**REQUIREMENT:**
Reproduction of part of the material below, pictures omitted: copy exactly, and only, the lines starting with the one with "VS-08-ST-H21P-RJ45 - Modular" and going on through the one with "Pronájem obchodního prostoru, Jablonec".

**DATA SHOWN:**
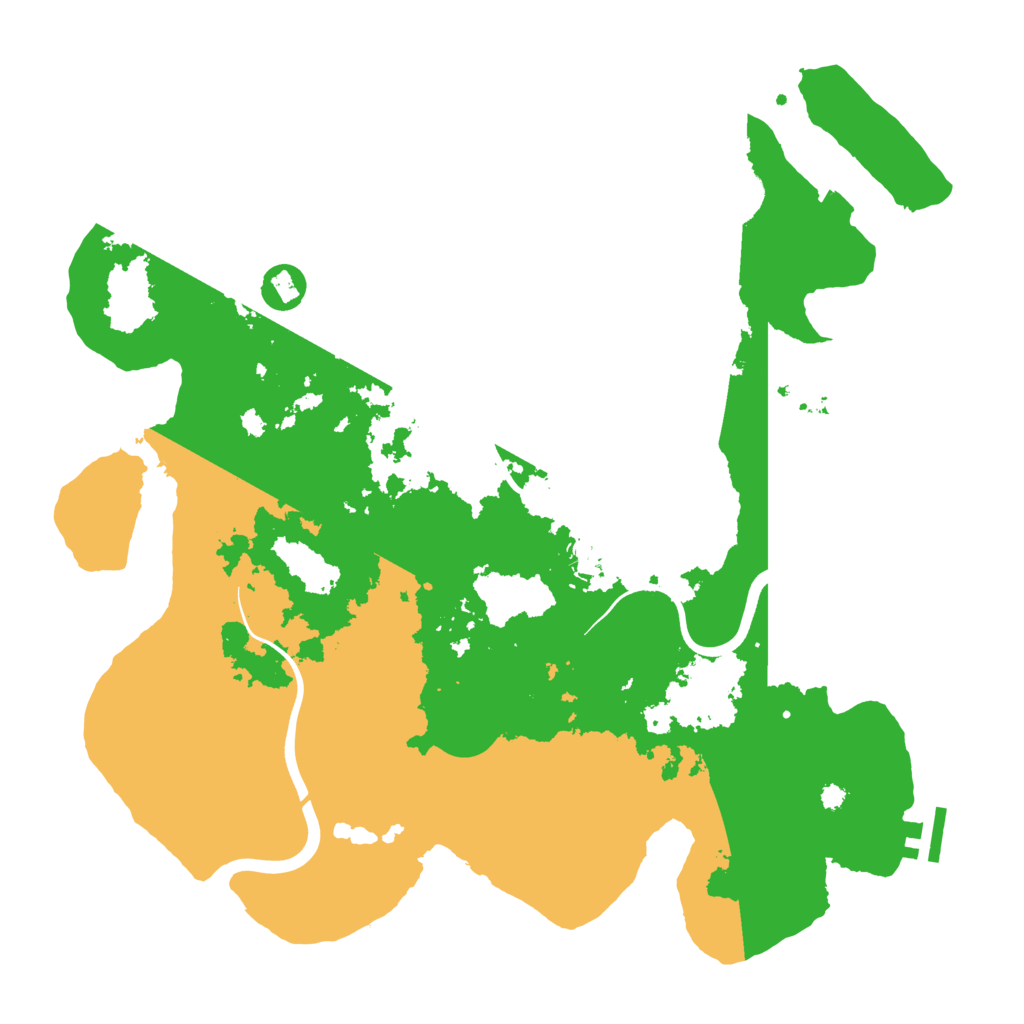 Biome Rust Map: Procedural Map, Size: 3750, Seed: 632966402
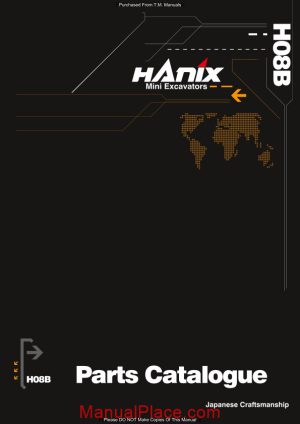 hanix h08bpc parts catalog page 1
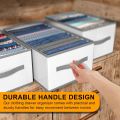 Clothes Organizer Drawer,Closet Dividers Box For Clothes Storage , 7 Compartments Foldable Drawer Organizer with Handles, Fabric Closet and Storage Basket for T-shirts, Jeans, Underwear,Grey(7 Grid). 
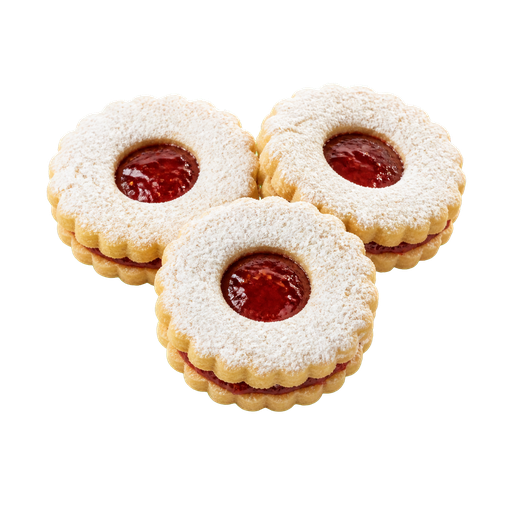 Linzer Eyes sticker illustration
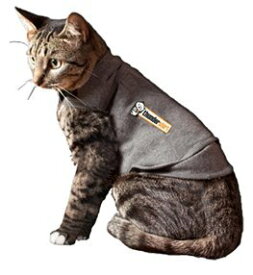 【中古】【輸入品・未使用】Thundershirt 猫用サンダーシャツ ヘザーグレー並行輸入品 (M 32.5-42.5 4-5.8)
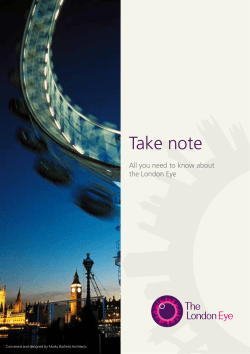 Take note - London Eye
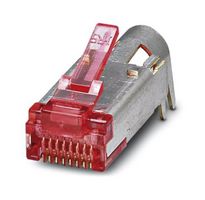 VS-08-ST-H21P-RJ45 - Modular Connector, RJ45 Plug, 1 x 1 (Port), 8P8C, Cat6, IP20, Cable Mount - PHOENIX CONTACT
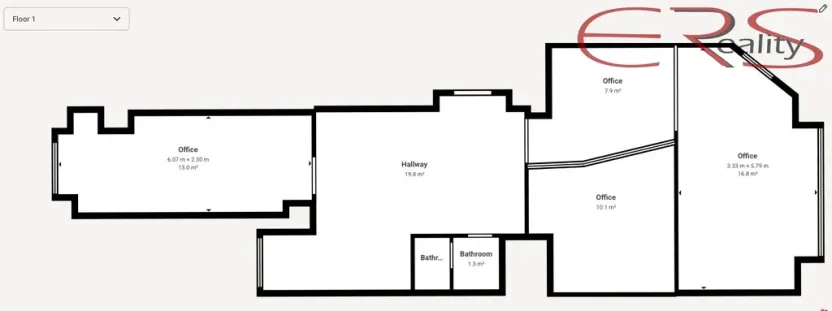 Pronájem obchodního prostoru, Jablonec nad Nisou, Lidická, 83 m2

...

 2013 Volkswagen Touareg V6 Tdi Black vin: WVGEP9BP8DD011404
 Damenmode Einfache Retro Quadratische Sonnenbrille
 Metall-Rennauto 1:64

**EXPECTED ANSWER:**
 VS-08-ST-H21P-RJ45 - Modular Connector, RJ45 Plug, 1 x 1 (Port), 8P8C, Cat6, IP20, Cable Mount - PHOENIX CONTACT
 Pronájem obchodního prostoru, Jablonec nad Nisou, Lidická, 83 m2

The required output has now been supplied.